> [Exercise description]
Please repeat the data exactly. Any picture in it stays out.

> [Data]
————————

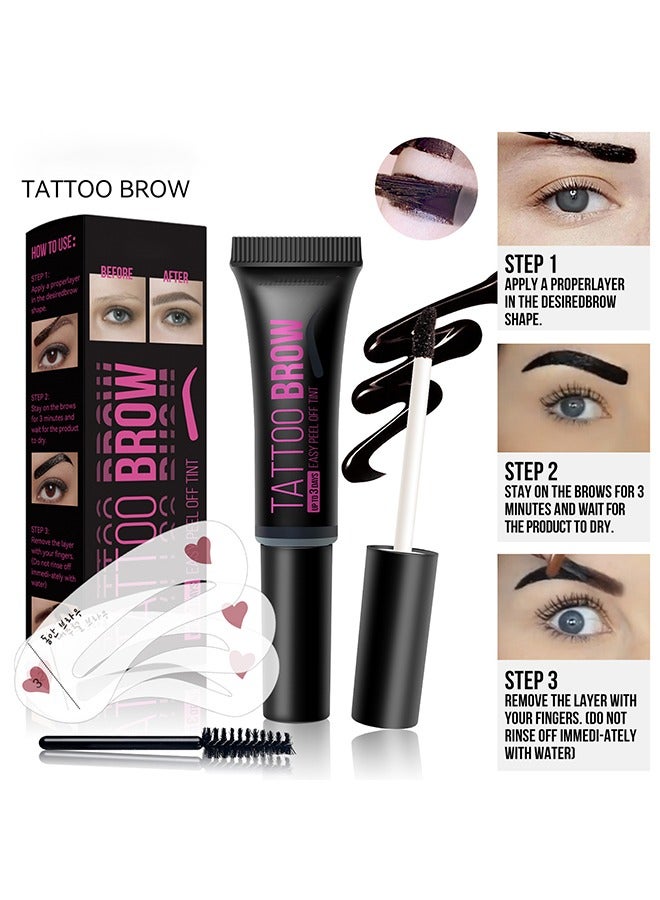 Tattoo Brow Tint Easy Peel Off Tint - Eyebrow Gel with Mascara Brush and Three Eyebrow Shapes Waterproof Sweatproof 3 Days Long Lasting Peel Off Tattoo Brow Gel Dark Gray #01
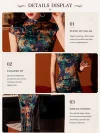 Product details display of the Chinese vintage floral pattern silk qipao dress, showcasing three key design features: the elegant stand-up collar that refines the neckline for a sophisticated look, the 3D tailored fit silhouette that accentuates natural curves to create a slim, elegant figure, and the classic side slit design that allows for ease of movement while maintaining a graceful, feminine charm. This vintage silk qipao highlights the traditional craftsmanship and tailored details of Chinese qipao dresses.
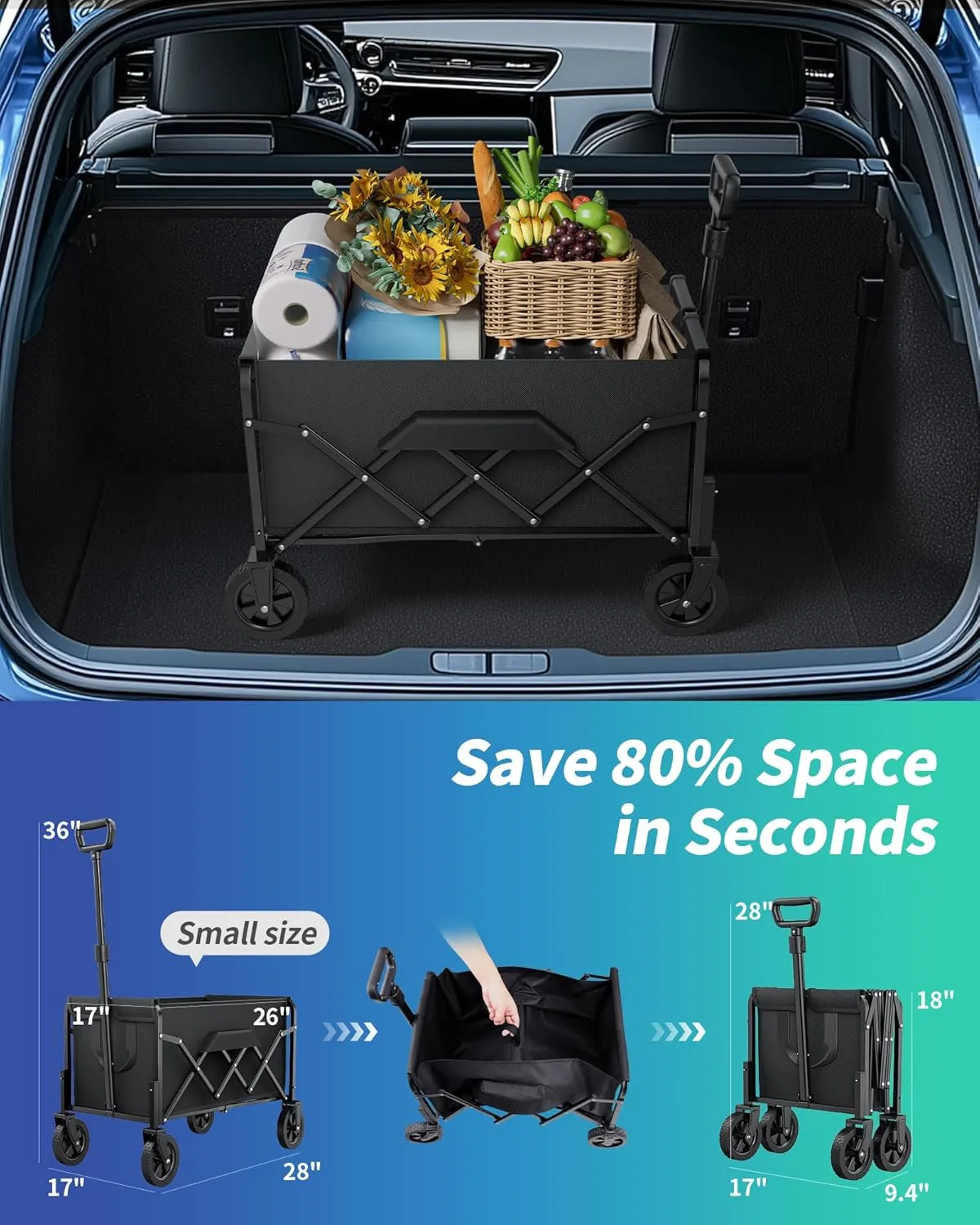 Small Collapsible Wagon with Wheels, Foldable Carts with 200lbs Load Capacity, Dog Wagon, Utility Shopping Cart for Groceries, Sports, Camping, Garden, Fishing, Black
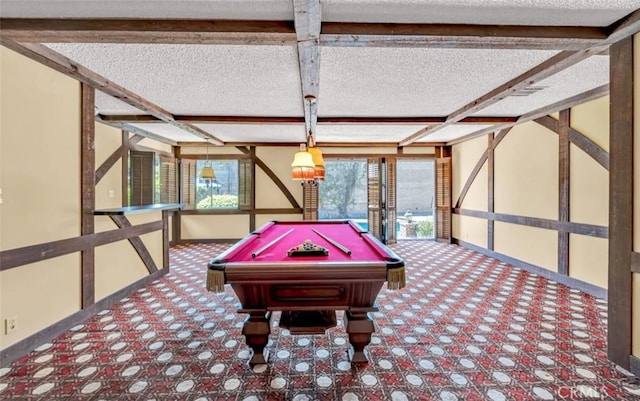 1023 Don Pablo Dr, Arcadia, CA 91006 - playroom with carpet, plenty of natural light, pool table, and a textured ceiling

————————

> [Written response]
 Tattoo Brow Tint Easy Peel Off Tint - Eyebrow Gel with Mascara Brush and Three Eyebrow Shapes Waterproof Sweatproof 3 Days Long Lasting Peel Off Tattoo Brow Gel Dark Gray #01
 Product details display of the Chinese vintage floral pattern silk qipao dress, showcasing three key design features: the elegant stand-up collar that refines the neckline for a sophisticated look, the 3D tailored fit silhouette that accentuates natural curves to create a slim, elegant figure, and the classic side slit design that allows for ease of movement while maintaining a graceful, feminine charm. This vintage silk qipao highlights the traditional craftsmanship and tailored details of Chinese qipao dresses.
 Small Collapsible Wagon with Wheels, Foldable Carts with 200lbs Load Capacity, Dog Wagon, Utility Shopping Cart for Groceries, Sports, Camping, Garden, Fishing, Black
 1023 Don Pablo Dr, Arcadia, CA 91006 - playroom with carpet, plenty of natural light, pool table, and a textured ceiling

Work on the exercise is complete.